Climate impacts on productivity and health of aspen
Trembling aspen, also known locally as “white poplar,” is the most abundant deciduous tree in Canada’s boreal forest, where it is important both ecologically and commercially. Aspen is also the main tree species in the parkland zone along the northern edge of the Canadian prairies. Recent severe droughts have led to widespread dieback and decline of aspen and other types of forests across large areas of west-central Canada, prompting concerns for the future in a changing climate. The Climate Impacts on Productivity and Health of Aspen (CIPHA) study includes a network of 180 research plots to track dieback and changes in the growth of aspen forests across this climatically sensitive region. A key component of this research is the application of user-friendly indicators of soil moisture for historical analyses and mapping of drought severity nearly in real time. The work includes annual assessments of forest health (for damage by insects and fungi), analysis of tree rings, and development and application of remote sensing indicators for mapping aspen dieback. The CIPHA study also includes collaboration with tower-based research into climate impacts on forest carbon cycling at an aspen site in Prince Albert National Park, Saskatchewan, that is one of the Boreal Ecosystem Research and Monitoring Sites (BERMS).
Tree-ring analysis showed that the region’s aspen forests have undergone dramatic growth collapses in the past, following periods of drought accompanied by defoliation by forest tent caterpillar and other insects. In 2001–2002, an exceptionally severe and widespread drought led to massive dieback of aspen forests in the parklands of Saskatchewan and Alberta. Analyses from CIPHA research revealed an estimated 45 million tonnes of dead aspen biomass within the most severely drought-affected area. This corresponds to Canada’s total harvest of hardwood tree biomass over two years. The carbon content of the dead aspen is equivalent to about 7% of Canada’s annual fossil fuel emissions, illustrating the importance of drought to the carbon cycle.
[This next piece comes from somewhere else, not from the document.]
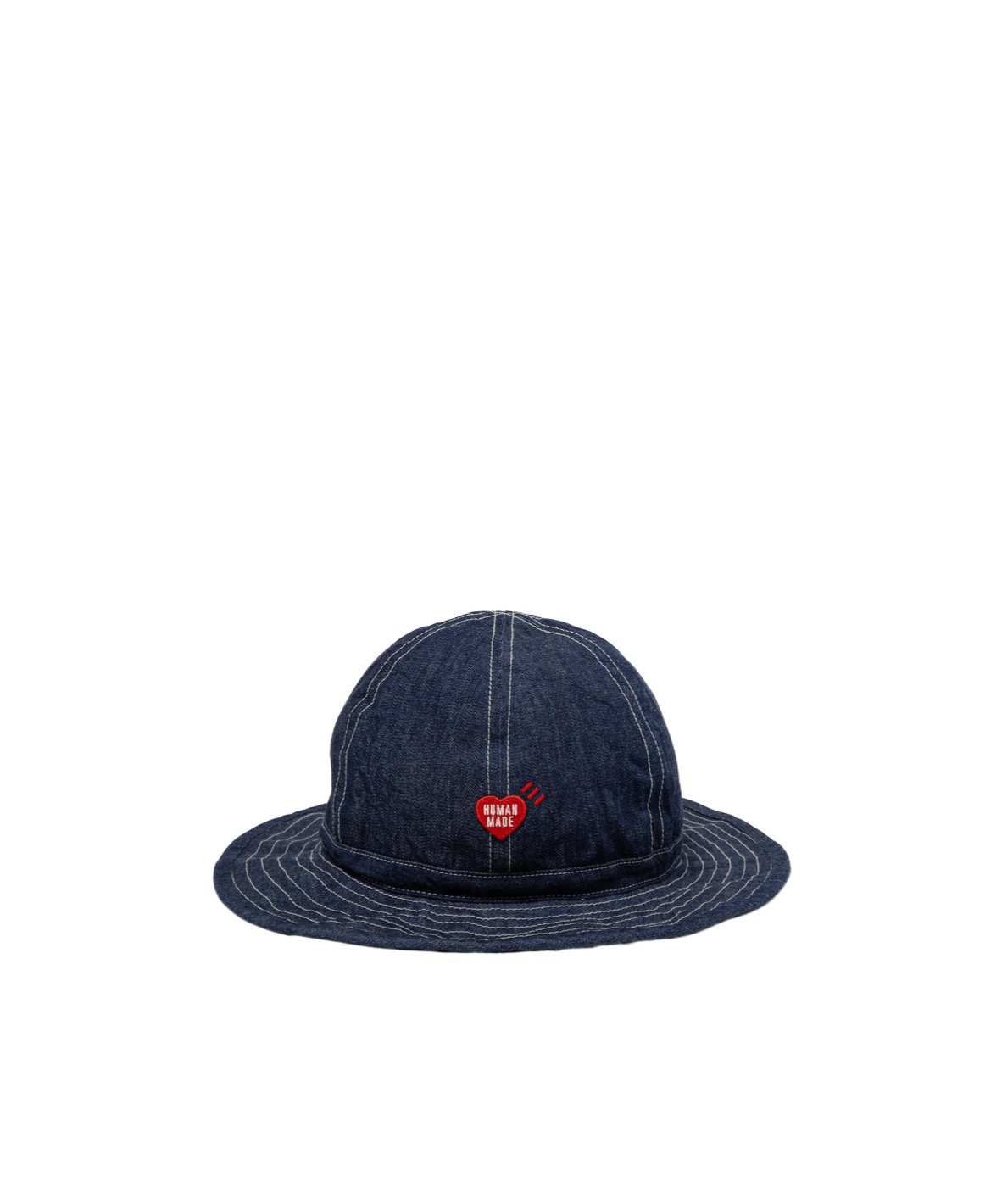 Human Made Denim Hat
Thus, CIPHA study results are being used in a related initiative to include drought effects in the Carbon Budget Model of the Canadian Forest Sector.
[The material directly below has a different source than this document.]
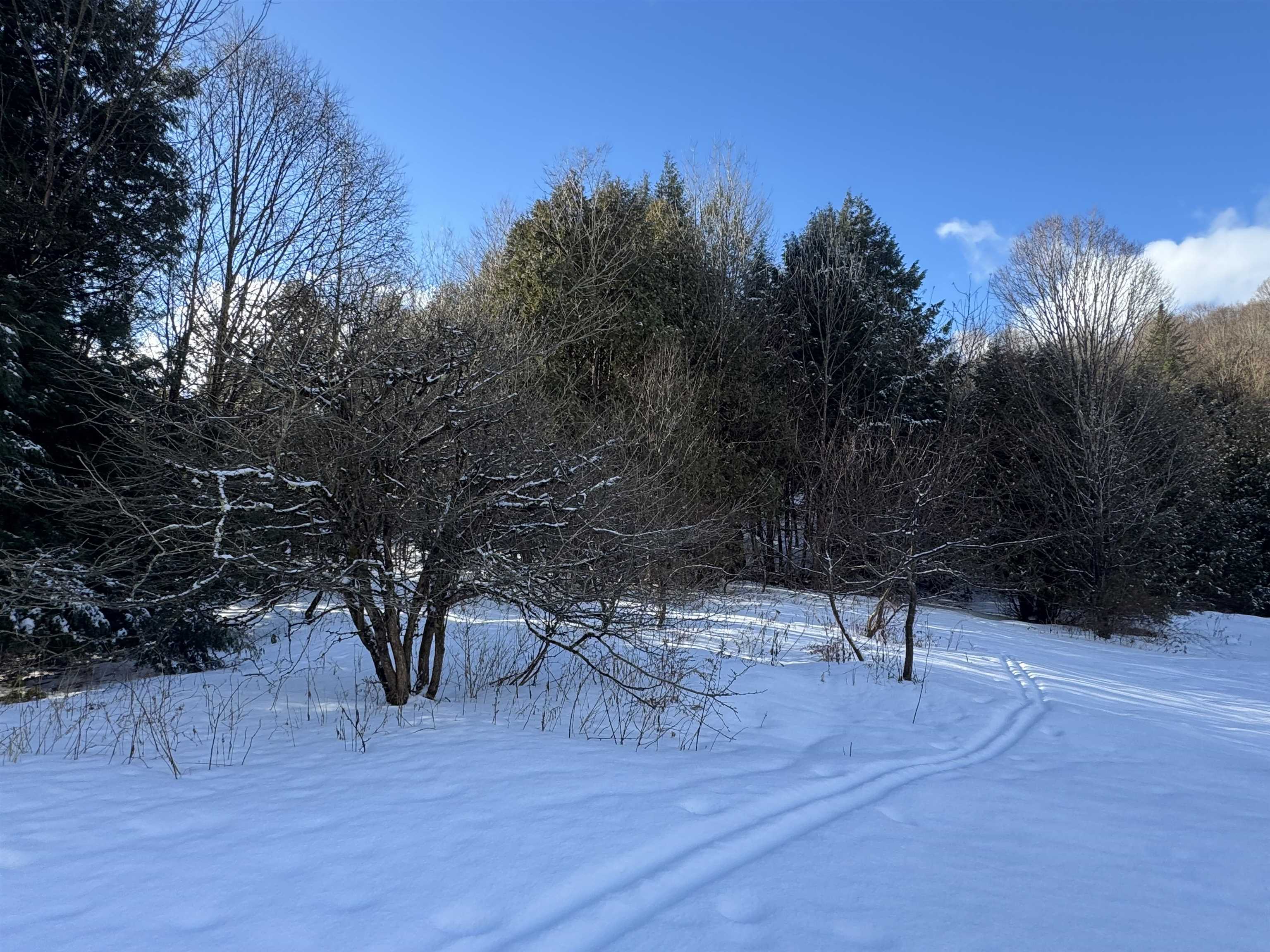 0 River Road Orleans, VT 05860 - Photo 23 of 29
The continued tracking of forest changes in the CIPHA plot network has shown that the yearly rate of aspen stem death has remained remarkably high since the drought of 2001–2002, partly because of consequent damage by wood-boring insects. Similar impacts of this drought are being reported from the western United States, where “sudden aspen decline” has emerged as a major concern. Since 2002, a pattern of rotating, severe droughts has been documented across large areas of North America. These droughts may contribute to the widespread browning and decline of forests reported recently in northern Alberta, northwestern Ontario, and elsewhere. In recent years, drought- and heat-induced forest dieback has emerged as a global issue, highlighting the value of integrated systems for tracking and understanding large-scale, climate-related changes in our forests.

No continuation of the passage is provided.